Пикник: сборник - Бейтс Герберт Эрнест 12 стр.


Лаббока словно прорвало - от вина он вроде бы стал другим, наглость и хамство уже не казались такими непрошибаемо оскорбительными, ему хотелось что-то понять в себе, открыть душу, - и постепенно из его косноязычной околесицы стало проясняться, что он и Стелла Говард весь день без продыху ссорились. Из-за чего - Пей-Гуляй никак не мог уловить, Лаббок ходил кругами и без конца талдычил одно и то же, но вдруг он произнес слова, от которых Пей-Гуляй впал в столбняк:

- Красные розы. Этот стервец каждую неделю посылает ей красные розы. Хоть бы раз пропустил, сука. Весь дом ими заставлен, плюнуть некуда - везде красные розы…

Руки у Пей-Гуляя затряслись; сухожилия сводило судорогой, словно под действием сильного электрического тока. Язык свернулся змейкой и прижался к зеву, а Лаббок знай бубнил:

- Все они шлюхи, гнусные, поганые шлюхи. Ты им даришь весь мир, а они что? Спокойненько его берут, а потом хрясть тебе обратно в морду - дескать, подавись им. Суки, падлы, потаскухи, все до одной, переспать с ними и нахрен их…

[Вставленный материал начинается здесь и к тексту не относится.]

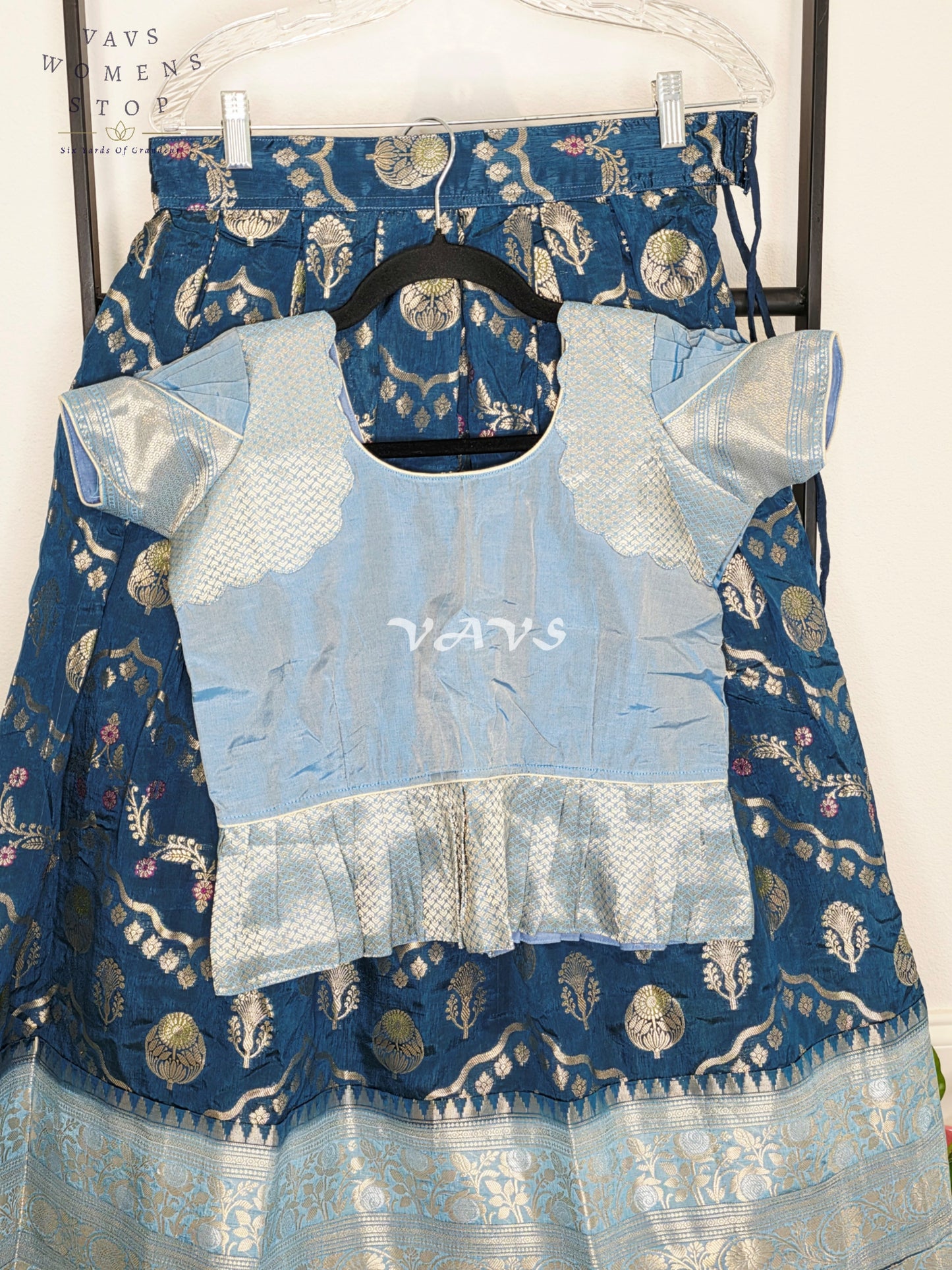 Royal Midnight Navy Designer Benarasi Silk Lehenga Set with Ice Blue Zari Peplum Blouse | Girls 8–9 Years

Пей-Гуляй не мог больше слушать, он круто повернулся вышел из бара и спустился во двор. Стемнело сегодня рано, налетающий порывами ветер швырял в лицо мелкий острый дождь. Сосны трещали, казалось, это взрываются ракеты шумного фейерверка. Он стоял под соснами, трясясь как в лихорадке, сам не сознавая, о чем думает, даже не спрашивая себя, знает ли Лаббок, кто посылает цветы, ну а если даже и знает, так ли уж это важно.

Он весь сосредоточился на одном. Он в мельчайших подробностях увидел несчастный случай, который должен произойти. Все было до изумления просто.

Он невольно огляделся вокруг, ища машину Лаббока, и увидел ее в самом начале подъездной дорожки под раскидистым каштаном - большой черный "мерседес". "Мерседес" стоял один, народ еще не успел съехаться, и Пей-Гуляй, не колеблясь, двинулся к машине; руки его все так же отчаянно тряслись, он не мог их укротить и был словно в бреду, звуки не доходили до сознания, и когда ветер срывал вдруг с дерева каштаны и бросал их на асфальт, он ничего не замечал и не слышал.

Он сразу же нашел в багажнике ключ и отвертку. Все было до изумления, до абсурда просто. Через минуту колпак левого переднего колеса был снят, и он трудился над гайками. Гайки были завернуты очень туго, ему пришлось изо всех сил налегать на ключ, и от этого руки его ненадолго перестали дрожать.

Ослабив гайки, он стал представлять себе, как далеко отсюда, в поле, в холодной ветреной ночи колесо "мерседеса" слетает и пьяный Лаббок беспомощно летит под откос. Он подстроил все так смехотворно просто, что никто никогда не догадается, убеждал он себя. Но для верности решил ослабить гайки еще одного колеса.

Он уже взялся за первую гайку правого переднего колеса, и тут к гостинице сквозь дождь подъехало большое такси. Он смутно слышал, как оно остановилось, как хлопнула дверца, как разговаривали два голоса. Но ему и в голову не пришло спрятаться. Такси стояло ярдах в тридцати-сорока, и ветер уносил все звуки и шумы.

Потом такси развернулось и уехало, метнув под сосны свет фар. Он еще довольно долго возился с остальными болтами, и руки его не дрожали, а перед глазами стояла пронзительно ясная картина - машина Лаббока крутится в смертельном штопоре.

И прошла, наверное, еще целая минута, прежде чем он понял, что кто-то стоит с ним рядом и внимательно наблюдает. Он медленно поднял голову. Это была Стелла Говард в ярко-желтом плаще и голубом шарфе на голове.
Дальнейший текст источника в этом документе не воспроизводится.